## WHAT YOU WILL DO
Return only the lines of the data below from the line with "老青岛红烧肉-怡情荟•海鲜青岛菜(五四广场旗舰店)" up to and including the line with "home image 5", exactly as written, with the pictures omitted.

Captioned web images

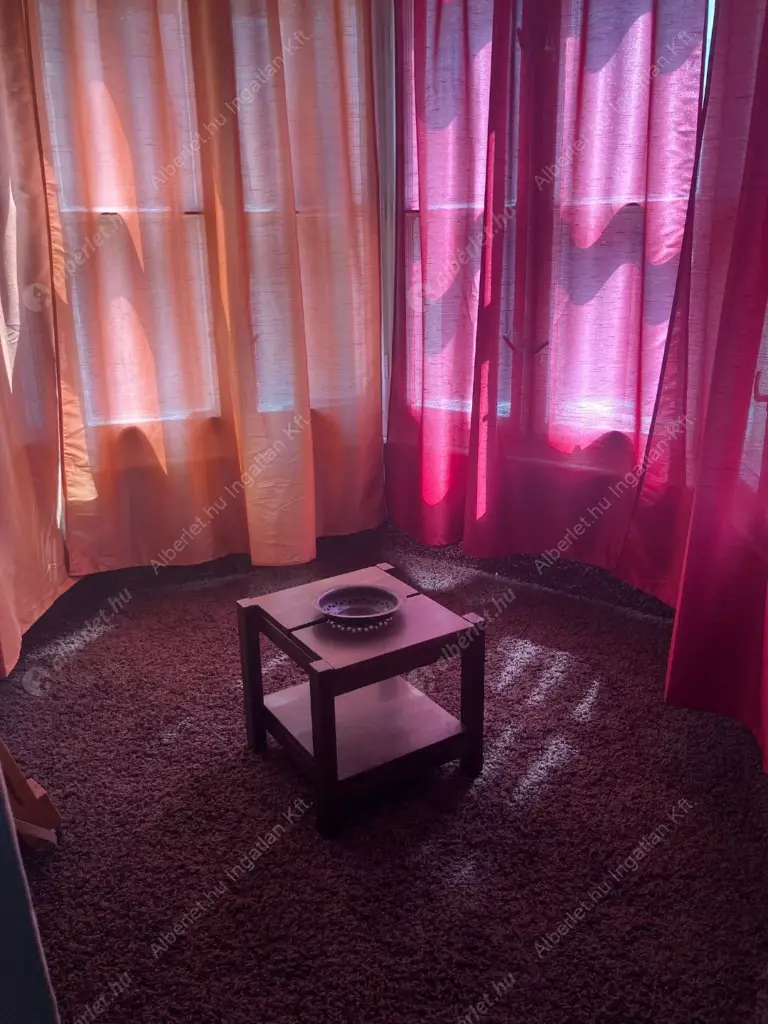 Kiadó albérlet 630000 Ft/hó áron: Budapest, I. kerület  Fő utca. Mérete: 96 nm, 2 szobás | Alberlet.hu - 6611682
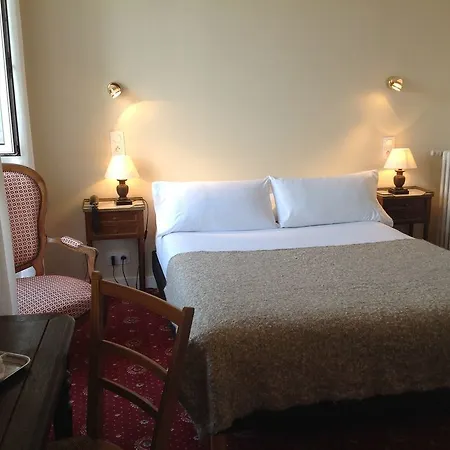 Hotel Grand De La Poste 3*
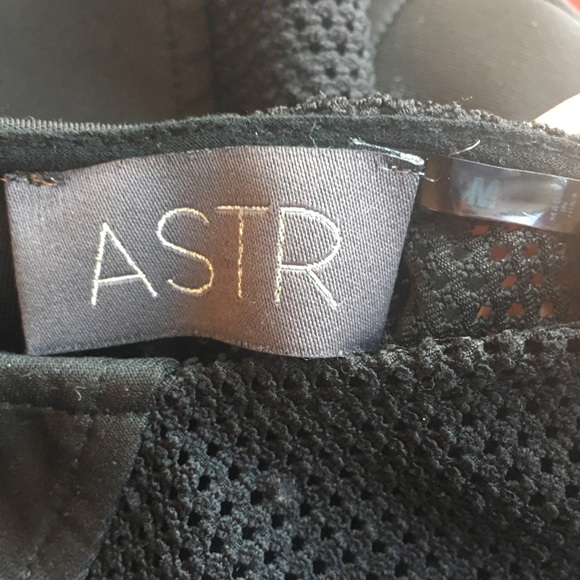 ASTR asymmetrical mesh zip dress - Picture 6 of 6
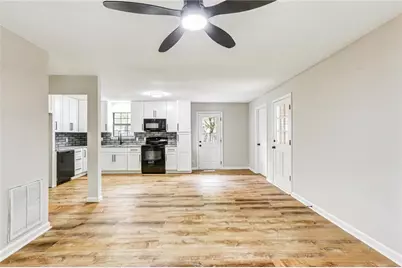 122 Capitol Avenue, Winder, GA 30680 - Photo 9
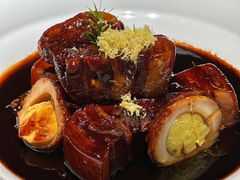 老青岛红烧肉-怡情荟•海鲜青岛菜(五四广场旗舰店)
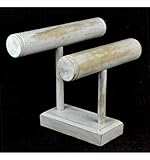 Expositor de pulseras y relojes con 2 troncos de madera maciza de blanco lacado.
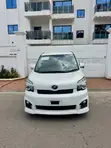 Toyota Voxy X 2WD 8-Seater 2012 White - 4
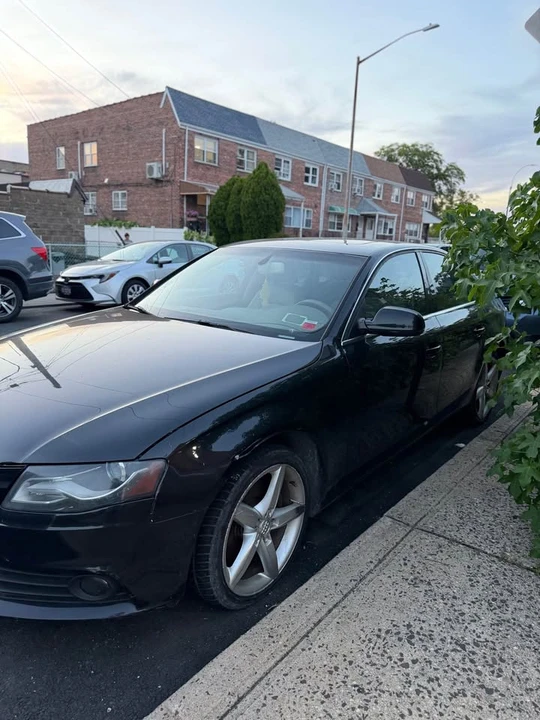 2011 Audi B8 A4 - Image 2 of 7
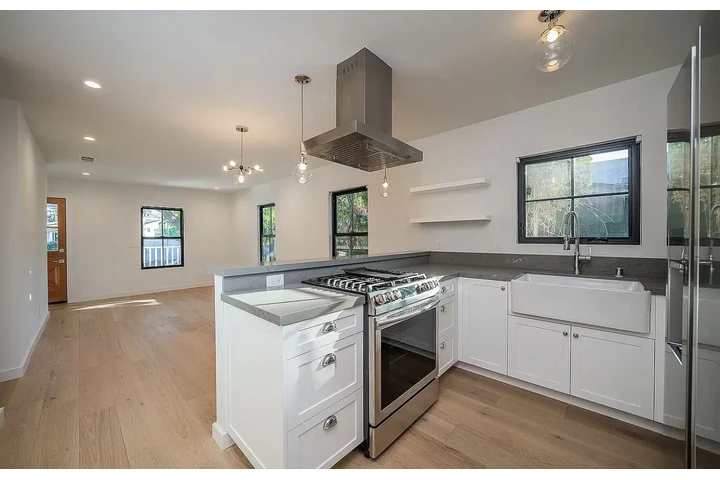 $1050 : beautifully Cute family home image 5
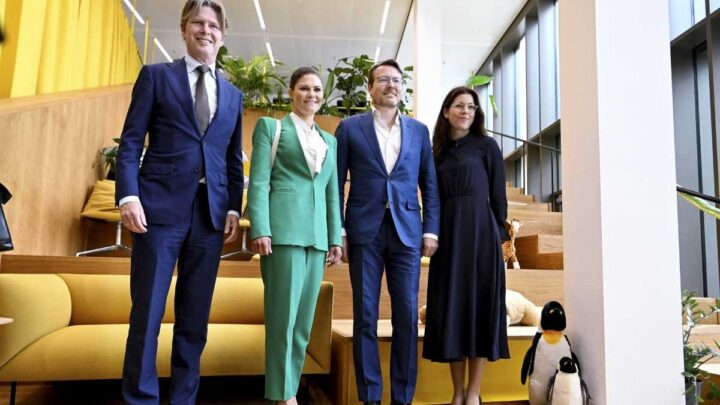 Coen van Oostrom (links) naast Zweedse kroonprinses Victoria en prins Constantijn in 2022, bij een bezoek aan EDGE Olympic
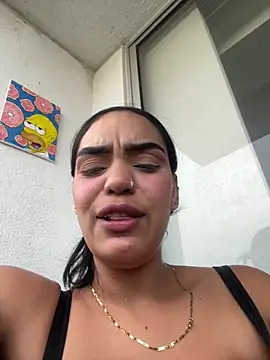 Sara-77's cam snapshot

## ANSWER SPACE
 老青岛红烧肉-怡情荟•海鲜青岛菜(五四广场旗舰店)
 Expositor de pulseras y relojes con 2 troncos de madera maciza de blanco lacado.
 Toyota Voxy X 2WD 8-Seater 2012 White - 4
 2011 Audi B8 A4 - Image 2 of 7
 $1050 : beautifully Cute family home image 5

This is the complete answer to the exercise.